**Stored data:**

======

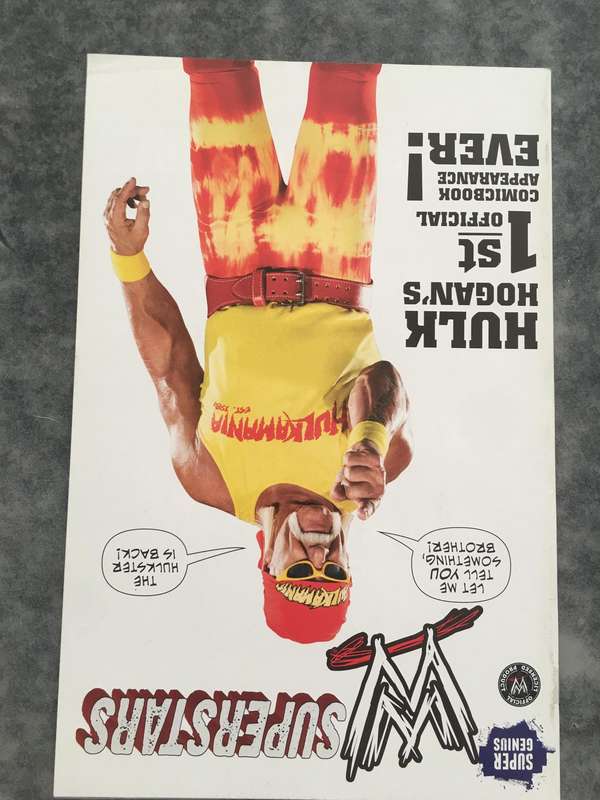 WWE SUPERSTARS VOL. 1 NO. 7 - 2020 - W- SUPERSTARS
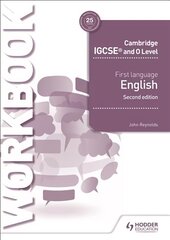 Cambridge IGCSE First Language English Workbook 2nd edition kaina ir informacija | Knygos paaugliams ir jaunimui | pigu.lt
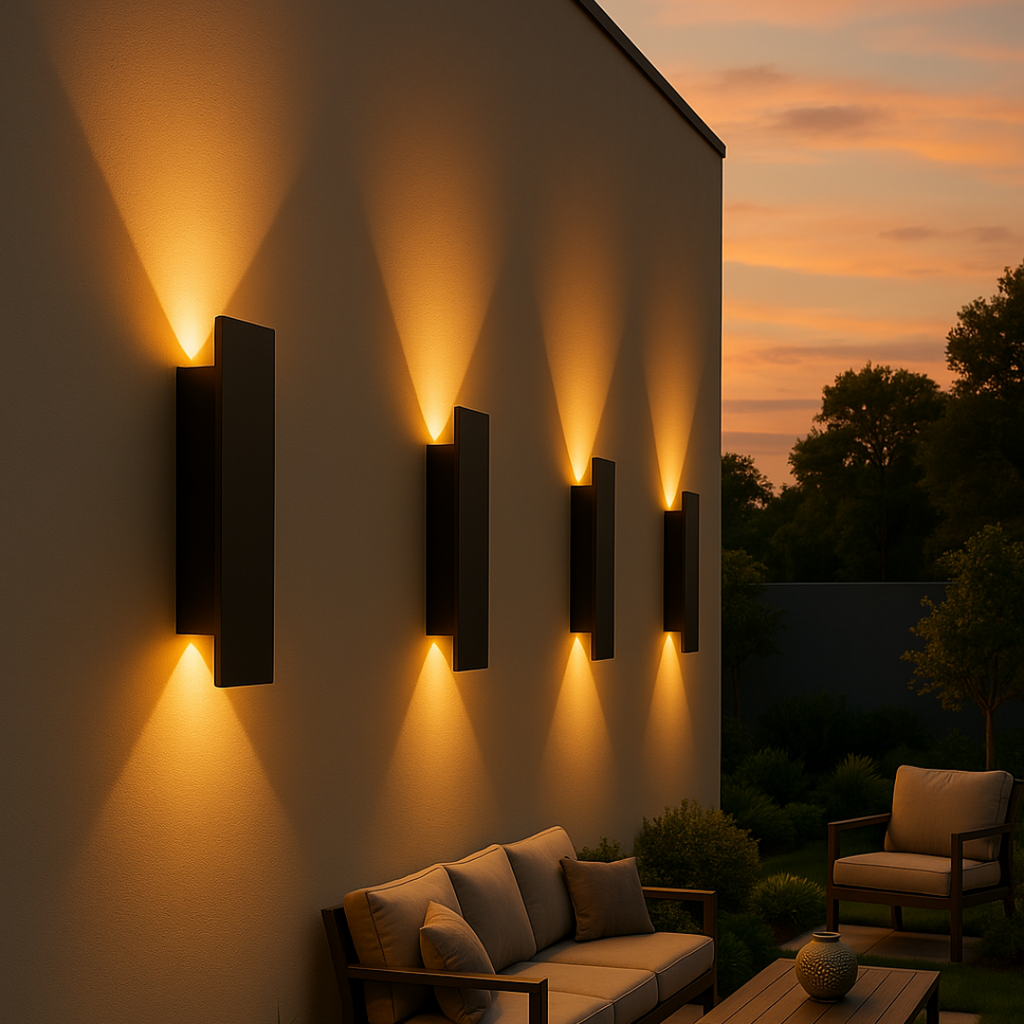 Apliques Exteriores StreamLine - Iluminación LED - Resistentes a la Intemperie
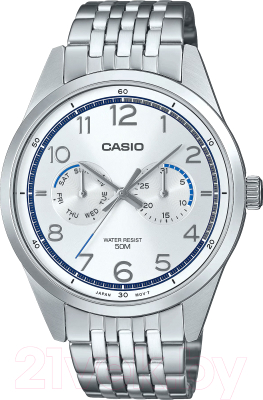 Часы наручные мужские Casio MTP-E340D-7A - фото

======

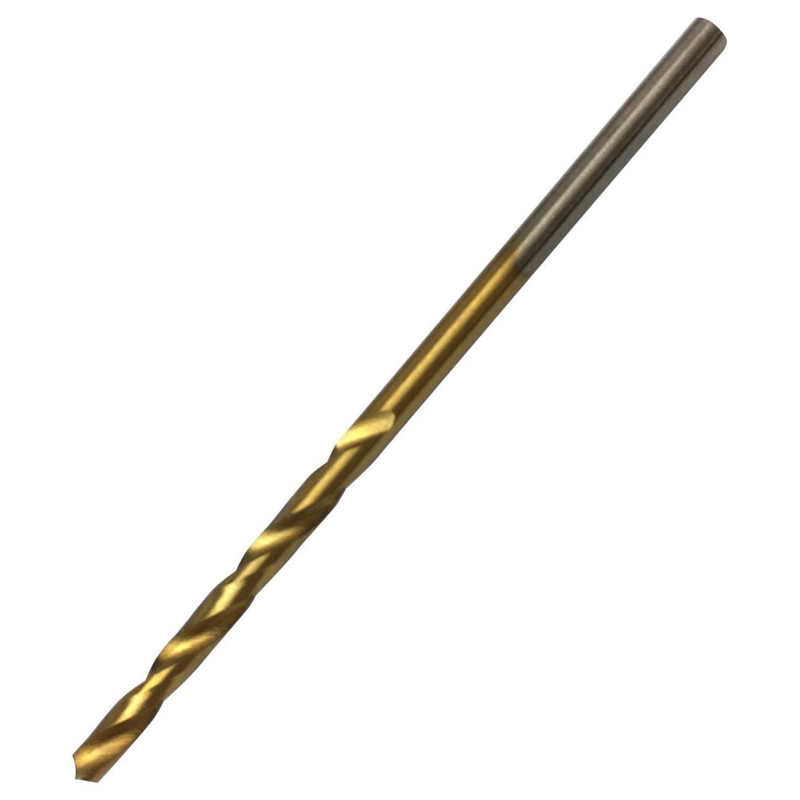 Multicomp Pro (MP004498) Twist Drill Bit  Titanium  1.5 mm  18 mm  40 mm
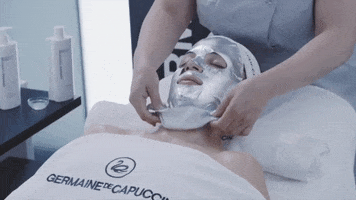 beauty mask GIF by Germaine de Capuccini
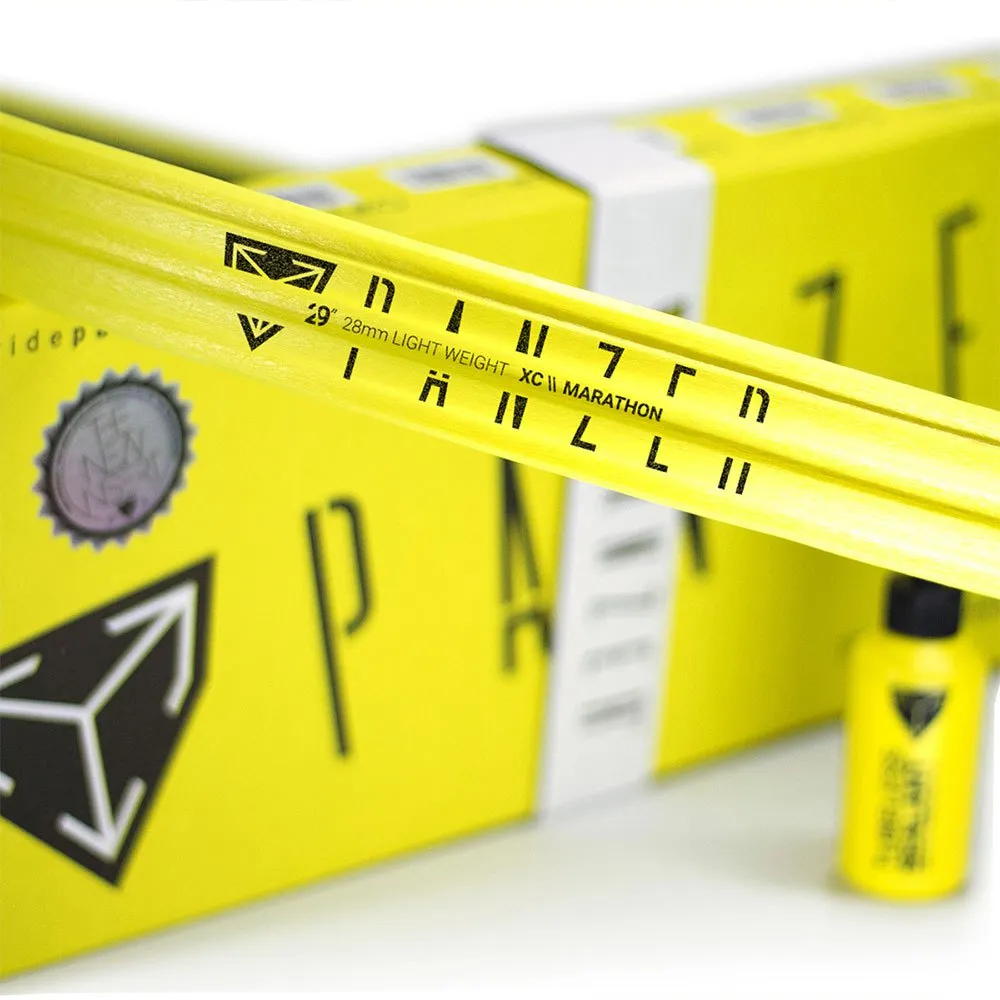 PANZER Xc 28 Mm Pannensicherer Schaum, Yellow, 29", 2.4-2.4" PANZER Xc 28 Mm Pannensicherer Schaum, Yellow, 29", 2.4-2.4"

======

**Work required:**
When copying from the data above, print only the lines from the line containing "WWE SUPERSTARS VOL." to the line containing "Часы наручные мужские", exactly, and leave the pictures out.

**Task output:**
 WWE SUPERSTARS VOL. 1 NO. 7 - 2020 - W- SUPERSTARS
 Cambridge IGCSE First Language English Workbook 2nd edition kaina ir informacija | Knygos paaugliams ir jaunimui | pigu.lt
 Apliques Exteriores StreamLine - Iluminación LED - Resistentes a la Intemperie
 Часы наручные мужские Casio MTP-E340D-7A - фото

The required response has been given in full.